Fällt Auto, fällt Deutschland
Die Autoindustrie ist Deutschlands wichtigster Industriezweig. Doch es gibt bereits Muster des Niedergangs.
Dieselgate bringt ins Bewusstsein, worum es im kommenden Jahrzehnt am Standort Deutschland geht. Ein ganz wesentlicher Teil unseres Wohlstands steht zur Disposition, wenn die Autoindustrie schlapp macht. Nicht aufgrund gravierender, aber letztendlich verkraftbarer Skandale. Sondern, weil sie den Zug bei einer neuen Technik – Elektro-/Brennstoffzellenauto, Hybridmotoren selbstfahrender Pkw – verpassen könnte. Der schlagartige Niedergang des Handyherstellers Nokia ist eine deutliche Warnung. Noch 2007 – im Jahr der Markteinführung des revolutionären Apple iPhone – hatten die Finnen einen Weltmarktanteil von 50% bei Smartphones. 2013 war Nokia nach hohen Verlusten gezwungen, seine Handysparte zu verkaufen. Der Marktanteil lag damals noch bei 3,4%. Noch heute leidet Finnland an den Folgen des Niedergangs. In Deutschland beträgt der Anteil der Industrie am BIP noch 22,3%. Ein wesentlicher Teil davon ist mit der Autoindustrie verbunden. In einer Untersuchung zur Bedeutung der Autoindustrie kam das ZEW allerdings schon 2004 zu dem Ergebnis, dass der gesamte Anteil am deutschen BIP 7,7% beträgt.

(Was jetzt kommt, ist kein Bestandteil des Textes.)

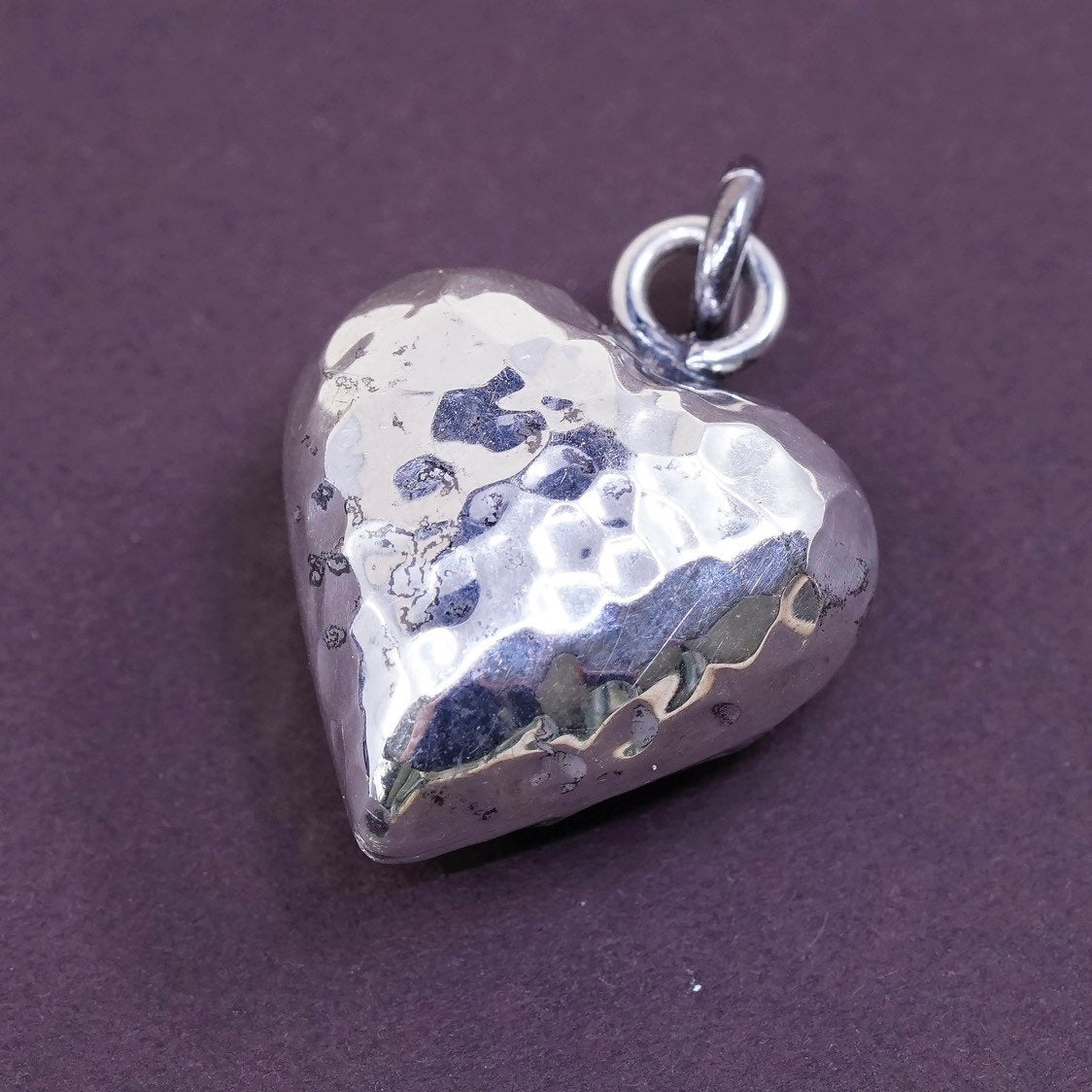 VTG Sterling silver handmade pendant, 925 big hammered heart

Laut ZEW dürfte der Anteil heute sogar etwas höher liegen. Umgerechnet auf das BIP 2014 bedeutet dies, dass 224 Mrd. Euro des BIP nur einer Industrie zuzurechnen sind. Demnach kommen 38% der industriellen Wertschöpfung in Deutschland aus der Autoindustrie! Diese Zahl entsteht durch die Addition der bei Autoherstellern und -zulieferern erreichten Wertschöpfung mit dem Anteil der Vorleistungen aus anderen Industrien, die in die Automobilproduktion einfließen. Dazu gehören etwa Stahlbleche und Gussteile aus der Metallindustrie, Lacke und Kunststoffe aus der Chemieindustrie und Maschinen, die in der Produktion eingesetzt werden. Dementsprechend hoch sind die Beschäftigtenzahlen. Berechnet man die Vorleistungen mit ein, waren 2014 über 1,7 Mio. Arbeitsplätze von der Autoindustrie abhängig. Dies sind Arbeitsplätze, die ein hohes Lohnniveau bieten. Der Stärke der deutschen Autoindustrie steht eine auffällige Schwäche in der Elektronik- und Softwareindustrie gegenüber. Und zwar in Deutschland und Europa insgesamt. Längst können wir auf Muster des Niedergangs blicken: In der Unterhaltungselektronik, der Fotoindustrie, beim Übergang von Schreibmaschinen zu PCs und zuletzt beim Ersetzen traditioneller Telefon-Vermittlungstechnik durch internetbasierte Kommunikation – Europa fiel aus dem Wettbewerb, sobald sich in einem Bereich elektronische Produkte durchsetzten.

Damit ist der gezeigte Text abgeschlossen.